Montaj filmin ortasında kalan ve tek bir slayta animasyon katarak oluşturduğum KITA görüntüsünde İlaçlama yapan KITA (No 6) ile ilaç hazırlayan KITA (No1) arasında kalan diğer dört adımın eksik olduğunu zamanla öğrendim. İlginç olanı ben bu eksikliğin farkında bile değildim. Kendimi sorgulamayı bilmediğim için farkındalığımı geliştiremiyordum; geliştirmeyi düşünmüyordum bile. Ben kendimi sorgulamayı 2005 yılında Paris’in 90 km kuzeyindeki bir şatonun gün ışığı gören salonunda bir haftalık öğrenme yolculuğunda, “Konuşma Halkası”nda yer alınca; “Johari Penceresi“nde buluşmayı yaşayınca öğrendim. KITA’nın sırtına alacağı tulumbayı doluyken kendisine yardımcı aradığı günler oldu. Kimseyi bulamadığında bir hendeğin kenarındaki sırtın  yanına diz çöktü; ya da yanına bir Hollanda Kasası alarak üstüne koydu tulumbayı. Tulumba dolu olunca ağırdı. Ta ki 1993 yılında İngiltere’den Dr.J.Lowe gelip de “Eğiticinin Eğitimi” öğrenme yolculuğunda Bursa’da tulumbanın tek başına nasıl kolaylıkla sırta alınacağını gösterinceye kadar. işte o zaman No1 den No6 a uzanan sürecin dökme, durma, tutma ve savurma aşamalarını öğrendim ve öğrettim. Önemli olan bakmaktan öteye görmek. Gördüm de neler oldu ?

Bilmek, yapabilmektir” sözüme inancım pekişti. “acta non verba” diyerek “laf değil eylem” inancımın eylemcisi oldum. Kendimi sorguladım. Hazırlığı sorguladım; yanıtımla bilgilerimi artırdım. Becerilerimi sorguladım; yetkinliklerimi eğiterek beceriye dönüştürdüm.

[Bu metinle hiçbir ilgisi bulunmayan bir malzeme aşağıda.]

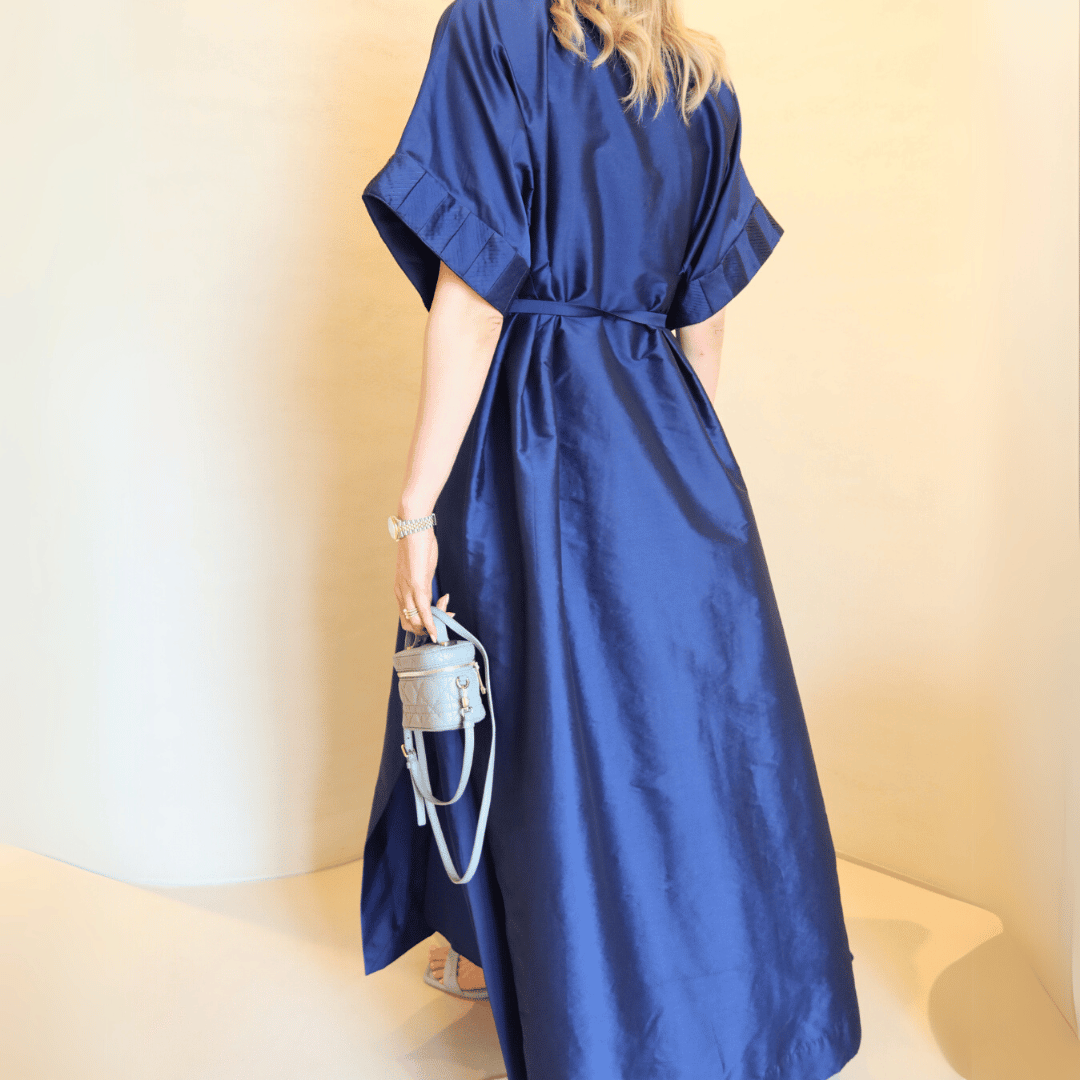 Sleeve Pleated Dress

Hevesimi sorguladım; güçlendirip tutkuyu yarattım. İyi yaptığım şeyleri sorguladım; daha çok yapabilmenin koşullarını öğrendim. Yapmakta zorlandığım şeyleri sorguladım; daha farklı yapmanın yollarını aradım. Kapasite kadar kapabilitemi, yetkinlik alanlarımı artırmanın olanaklarını zorladım. Sonunda anladım ki hiç bir emek boşa gitmiyor; emeksiz de yemek olmuyor. Şurası kesin ki, bu dünya GAT Dünyası yani “ver ki alasın“. Yeter ki siz isteyin.

Sağlık ve esenlik dileklerimle yolunuz açık ve aydınlık olsun.